In turn the critic continues on the same chain of logic that EAs have not sharpened and pushed towards the true crux.
Some EAs would see this as being a motte-and-bailey instead of getting to the crux but cruxes can be asymmetric in that different critics combine claims together (e.g. the "woke" combining with more centrist sensibilities deontologists). But I think explanations which are done well are persuasive because they reframe truth-seeking ideas within accessible language that dissolve cruxes to seek agreement and cooperation.
Another illustration on the macro-level of the comparative:
Treat critics well on the resource and out of argumentative level such that the asymmetric resources of EA don't come to bear.
Make sure you are responsive to their concerns and use reasoning transparency. Instead of saying, "thanks for responding and being a critic" and leaving it there actually engage forcefully with the ideas and then thank them for their time.
The core problem right now is that EAs lead with being open to change their mind which sets up discourse for failure because when EAs don't change their minds the critics feel misled.
To be clear, there are harms with trying to be persuasive (e.g. sophistry, lying, motivated reasoning etc.). But sometimes being persuasive is about speaking the argumentative language of another side.
Yeah I should have written more but I try to keep my short form casual to make the barrier of entry lower and to allow for expansions based on different reader's issues.
Platforms and ability to amplify. I worry a lot about the amount of money in global priorities research and graduate students (even though I do agree it's net good). For instance, most EA PhD students take teaching buyouts and probably have more hours to devote to research. A sharing of resources probably means good distribution of prestige bodies and amplification gatekeepers.
To be explicitly my model of the modal EA is they have bad epistemics and would take this to mean fund a bad faith critic (and there are so many) but I do worry that sometimes EA wins in the marketplace of ideas due to money rather than truth.
Give access to the materials necessary to make criticisms (e.g. AI Safety papers should be more open with dataset documentation etc.).
I think something like 30% hugboxing is good. I think that the cases where you see it maybe it could happen less, but a lot of the time I think we are too brutal to non-rationalist critics.

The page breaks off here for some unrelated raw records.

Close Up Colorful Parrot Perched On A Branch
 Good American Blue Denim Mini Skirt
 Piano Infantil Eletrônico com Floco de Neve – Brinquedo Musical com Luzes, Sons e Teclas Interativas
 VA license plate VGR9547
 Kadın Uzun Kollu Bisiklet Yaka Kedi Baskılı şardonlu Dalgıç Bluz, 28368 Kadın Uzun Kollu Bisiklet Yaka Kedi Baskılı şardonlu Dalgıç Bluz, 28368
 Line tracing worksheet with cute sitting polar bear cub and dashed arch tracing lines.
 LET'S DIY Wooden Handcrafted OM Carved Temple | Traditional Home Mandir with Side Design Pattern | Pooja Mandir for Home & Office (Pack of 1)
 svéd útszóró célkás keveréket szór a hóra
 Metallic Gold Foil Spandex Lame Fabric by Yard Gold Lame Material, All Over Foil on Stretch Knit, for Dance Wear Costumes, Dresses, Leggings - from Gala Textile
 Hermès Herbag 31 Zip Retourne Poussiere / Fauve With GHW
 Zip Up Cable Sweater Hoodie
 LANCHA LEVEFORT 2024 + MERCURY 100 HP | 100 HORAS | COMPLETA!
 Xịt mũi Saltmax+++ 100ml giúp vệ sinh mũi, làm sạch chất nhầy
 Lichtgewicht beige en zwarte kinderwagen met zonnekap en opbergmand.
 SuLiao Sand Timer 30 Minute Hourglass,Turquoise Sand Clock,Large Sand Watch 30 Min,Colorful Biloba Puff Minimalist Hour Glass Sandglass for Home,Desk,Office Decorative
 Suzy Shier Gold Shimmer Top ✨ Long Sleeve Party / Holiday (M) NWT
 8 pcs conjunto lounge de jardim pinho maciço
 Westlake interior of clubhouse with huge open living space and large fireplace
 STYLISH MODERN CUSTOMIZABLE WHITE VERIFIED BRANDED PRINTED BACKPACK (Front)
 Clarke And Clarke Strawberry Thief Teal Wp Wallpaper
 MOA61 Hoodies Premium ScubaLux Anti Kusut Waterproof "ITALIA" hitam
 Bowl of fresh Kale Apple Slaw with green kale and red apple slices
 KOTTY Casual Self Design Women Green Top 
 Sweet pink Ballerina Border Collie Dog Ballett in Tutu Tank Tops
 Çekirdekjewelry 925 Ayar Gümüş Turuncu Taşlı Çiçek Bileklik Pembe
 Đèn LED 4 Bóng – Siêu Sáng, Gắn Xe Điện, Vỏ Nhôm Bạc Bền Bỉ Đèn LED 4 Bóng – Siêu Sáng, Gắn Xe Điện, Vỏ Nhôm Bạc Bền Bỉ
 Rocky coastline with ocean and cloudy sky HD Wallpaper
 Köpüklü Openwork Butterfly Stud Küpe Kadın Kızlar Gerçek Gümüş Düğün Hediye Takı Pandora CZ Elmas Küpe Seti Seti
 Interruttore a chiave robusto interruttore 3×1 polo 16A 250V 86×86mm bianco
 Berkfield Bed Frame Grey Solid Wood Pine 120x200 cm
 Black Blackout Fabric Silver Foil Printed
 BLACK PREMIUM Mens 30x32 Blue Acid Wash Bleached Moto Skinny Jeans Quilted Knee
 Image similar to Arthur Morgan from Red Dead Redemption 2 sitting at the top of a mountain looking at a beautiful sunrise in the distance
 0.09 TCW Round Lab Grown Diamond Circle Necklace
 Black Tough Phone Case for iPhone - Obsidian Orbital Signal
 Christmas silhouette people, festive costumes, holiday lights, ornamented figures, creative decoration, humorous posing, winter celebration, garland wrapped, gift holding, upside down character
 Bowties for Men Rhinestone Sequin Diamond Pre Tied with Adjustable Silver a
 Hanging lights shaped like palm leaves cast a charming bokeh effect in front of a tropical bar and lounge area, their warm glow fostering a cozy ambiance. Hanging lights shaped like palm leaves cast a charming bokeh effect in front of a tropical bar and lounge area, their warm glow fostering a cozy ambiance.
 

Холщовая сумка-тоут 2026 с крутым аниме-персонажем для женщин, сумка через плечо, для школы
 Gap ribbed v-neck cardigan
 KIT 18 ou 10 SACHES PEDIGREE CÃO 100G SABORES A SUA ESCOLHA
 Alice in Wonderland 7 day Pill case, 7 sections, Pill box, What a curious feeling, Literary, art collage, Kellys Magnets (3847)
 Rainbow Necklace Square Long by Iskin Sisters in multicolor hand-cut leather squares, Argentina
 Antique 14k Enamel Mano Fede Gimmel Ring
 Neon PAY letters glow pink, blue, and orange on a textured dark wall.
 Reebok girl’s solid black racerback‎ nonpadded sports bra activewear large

It's really tiring to criticise and I think it's nice to have someone listen and engage at least a bit. If I move straight to "here is how I disagree" I think I lose out on useful criticism in the long run.
But that's conditional on people not interpreting the hugboxing as a tactic/weird norm. E.g. mormon missionaries being nice to people doesn't elicit the same response as a person off the street because they adjust their set point.
Can you give examples of hugboxing you don't like?
Because my internal response is "people think we are too aggressive/dismissive" rather than "people think we listen to them but in a weird/patronising way" and if you mean internally you don't like it, then I am confused as to why you read it.
The fact EAs have been so caught off guard by the AI x-risk is a distraction argument and its stickiness in the public consciousness should be worrying for how well calibrated we are to AI governance interventions working the way we collectively think they will. This feels like another Carrick Flynn situation. I might right up an ITT on the AI Ethics side -- I think there's a good analogy to a SSC post that EAs generally like.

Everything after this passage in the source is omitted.